Atlas of Weak Signals

Us MDEF students all arrived to this course, with weak signals we experienced in our own ‘nation-states’, weak signals connected to ‘climate changes’, the ‘surveillance’ of these states or states of IT monopoles, the transformation in our countrie's workforce - in the meaning of jobs and education, connected to our belonging or belief in systems we live in, such as capitalism or democracy or the opposite of these. Weak Signals connected to mass cultures - mass in production, in data, in consumerism or in the extinction of species.

The mass culture drove us here, we migrated from specific nations with one or more passports to think about our own fights and to be able and see them from different perspectives. The Atlas of Weak Signals class is the credo for these kind of dialogues. Its’ aim is to position us in a very complex panorama of crises that determine our collective future. If only, I would define these as historical events or super positions, which we see now or will see as crises in the future.

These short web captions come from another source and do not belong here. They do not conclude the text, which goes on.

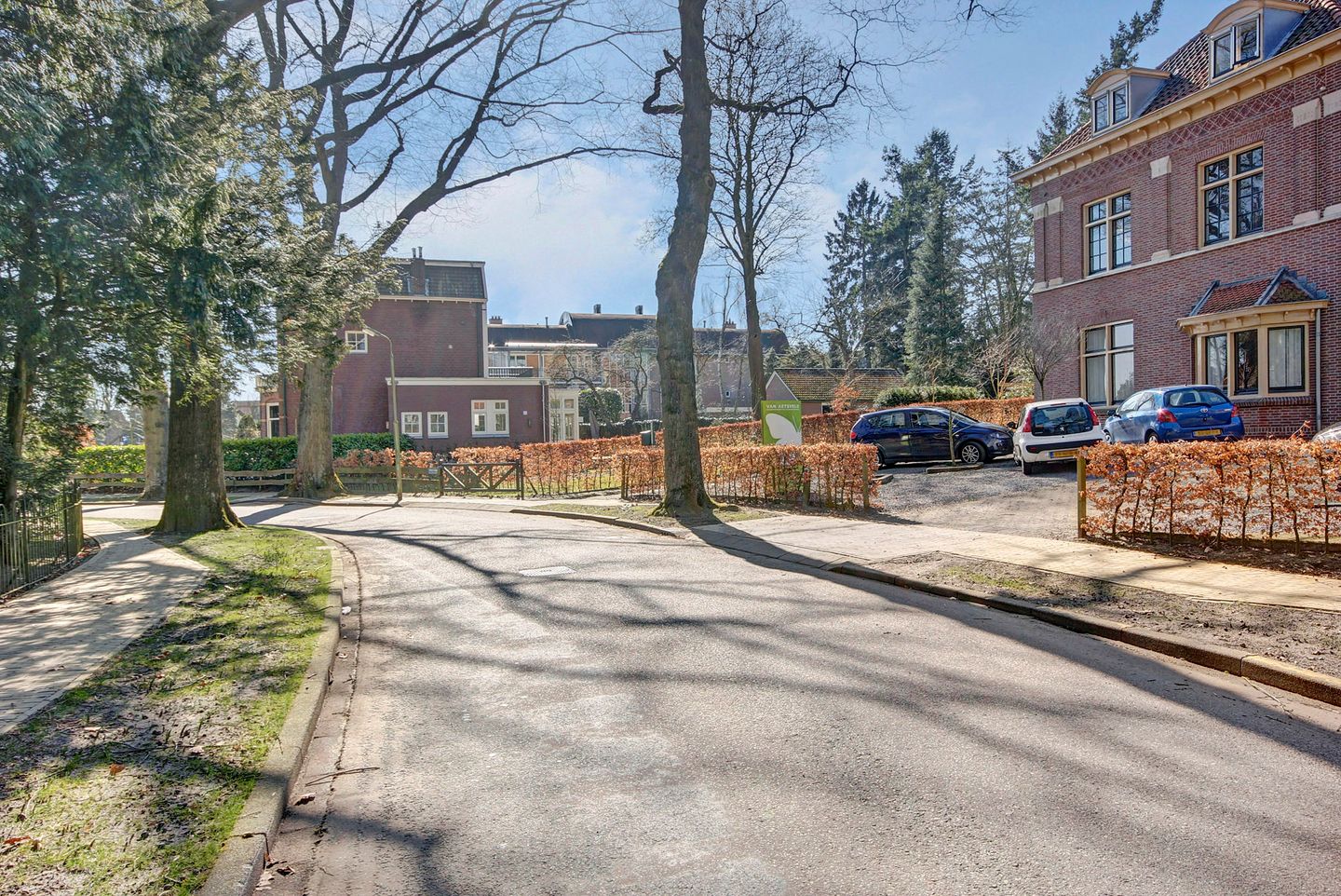 Bekijk foto 2 van Prinses Marielaan 2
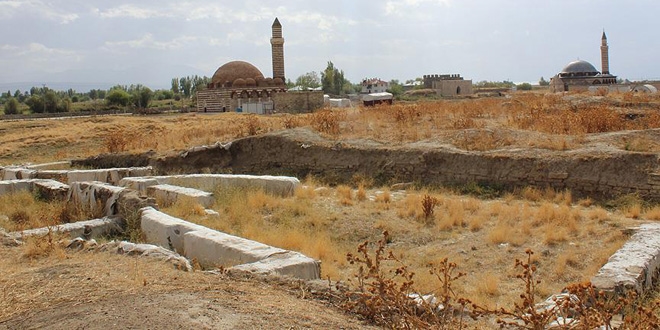 Van'da eski 'kamu binaları' gün yüzüne çıkarıldı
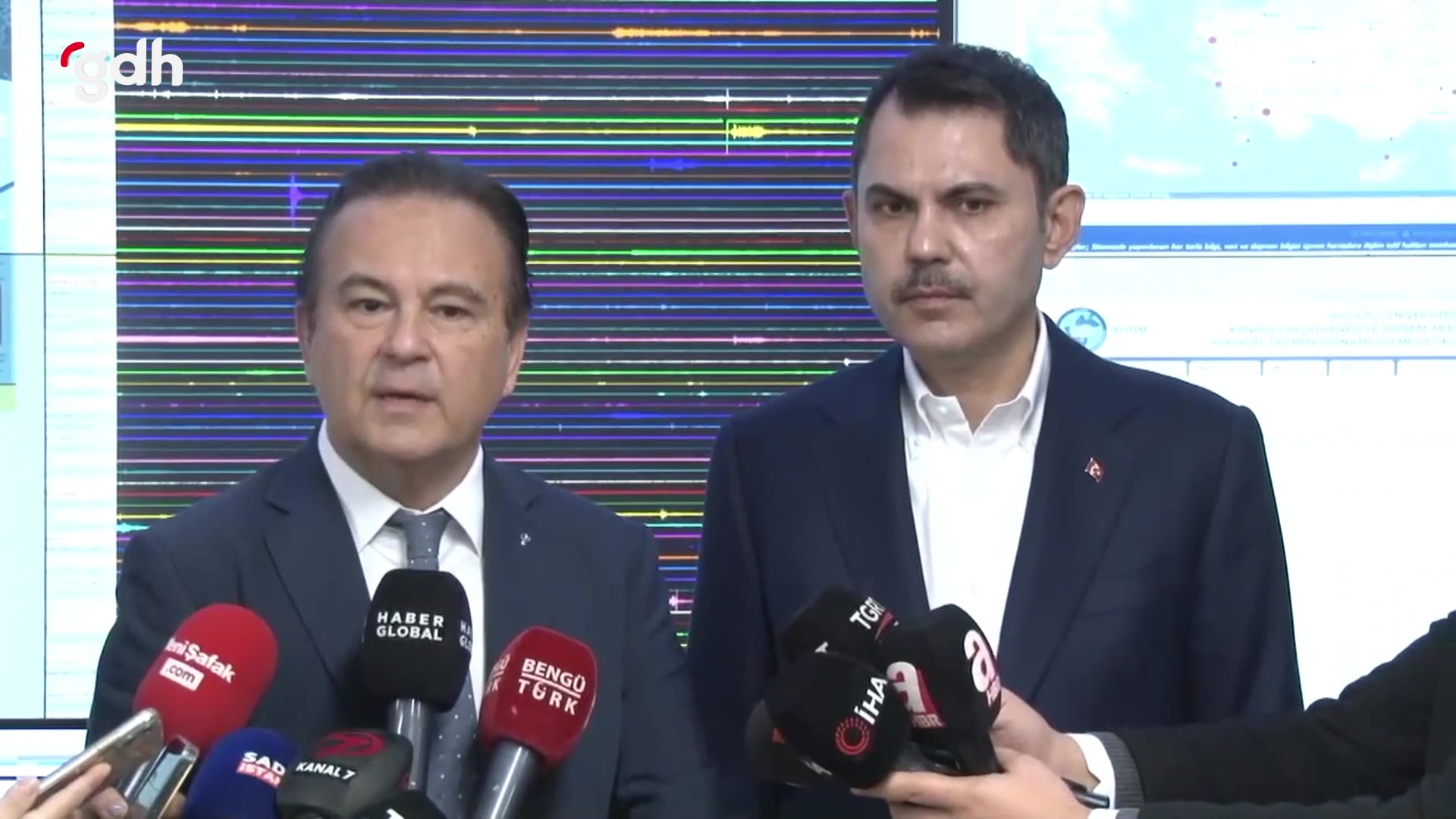 Murat Kurum'a Kandilli Rasathanesi'nde deprem brifingi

Personally I arrived here with one passport, with a very strong educational migrational aim, from a nation which is in the crisis of loosing it’s democratic credibility, which has never had recognition in any common platform of nation states, which is lacking of the freedom of speech, existing without conversations and a heterogeneous society. A country which was never able to join other nations in important questions or just in a currency change. In this nation, from my generation, the emigrants - such as me can easily called financial and educational migrants.

With my eyes and my research topic, I was mostly aiming to hear more about mass cultures, such as the accelerating urbanisation. About long termism - such as the role and transformation of education in the 21st century. About truth wars and redesigning social - such as the lack of participation and conversations in decision making, in the word of top-down decisions.

We had 4 classes on the following topics:

  • The truth, the mutation, the plan about climate crises and the new era
  • Systems beyond capitalism, a word without transparency
  • The automation of jobs
  • The post-nation states
  • Get a bit more comfortable with the idea of my own triage in my tasks through this semester...

Climate crises and the new era

We heard about interesting approaches, where artists, scientist tell the truth about the current situation caused by the sweeping of greenhouse gases into our atmosphere for centuries. Such as the ICE WATCH, a critical design intervention by Olafur Elliason and Minuk Rosing.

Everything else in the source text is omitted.